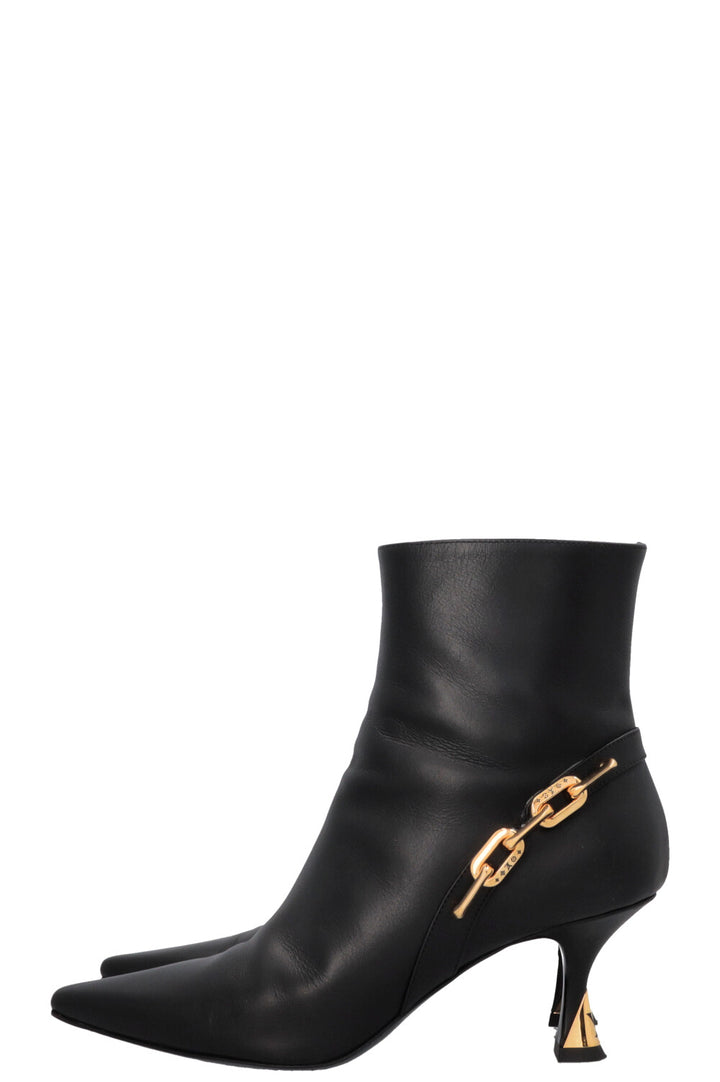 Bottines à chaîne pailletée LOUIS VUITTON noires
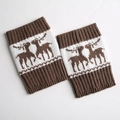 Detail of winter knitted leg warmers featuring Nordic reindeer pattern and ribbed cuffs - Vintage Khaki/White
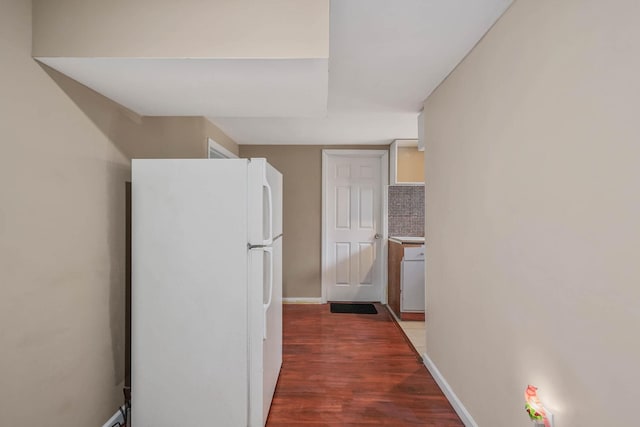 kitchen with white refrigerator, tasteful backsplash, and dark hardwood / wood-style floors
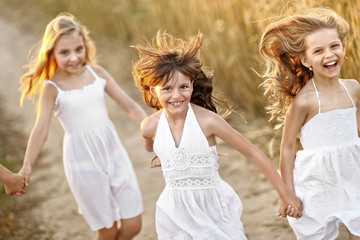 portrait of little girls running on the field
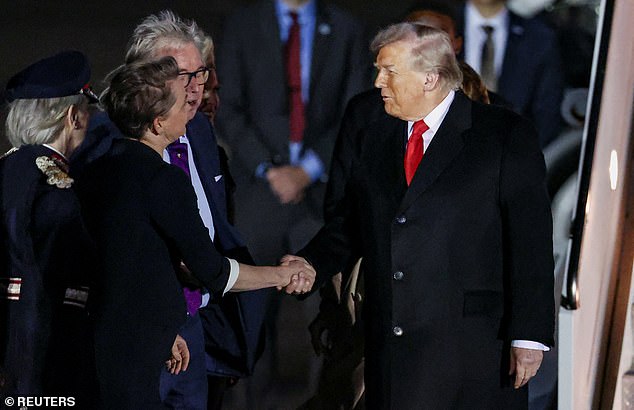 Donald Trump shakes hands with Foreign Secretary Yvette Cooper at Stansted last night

◆ ◆ ◆ ◆ ◆

- [Directions for this task]:
Reproduce the material exactly; omit the pictures.

- [Written response]:
 Bottines à chaîne pailletée LOUIS VUITTON noires
 Detail of winter knitted leg warmers featuring Nordic reindeer pattern and ribbed cuffs - Vintage Khaki/White
 kitchen with white refrigerator, tasteful backsplash, and dark hardwood / wood-style floors
 portrait of little girls running on the field
 Donald Trump shakes hands with Foreign Secretary Yvette Cooper at Stansted last night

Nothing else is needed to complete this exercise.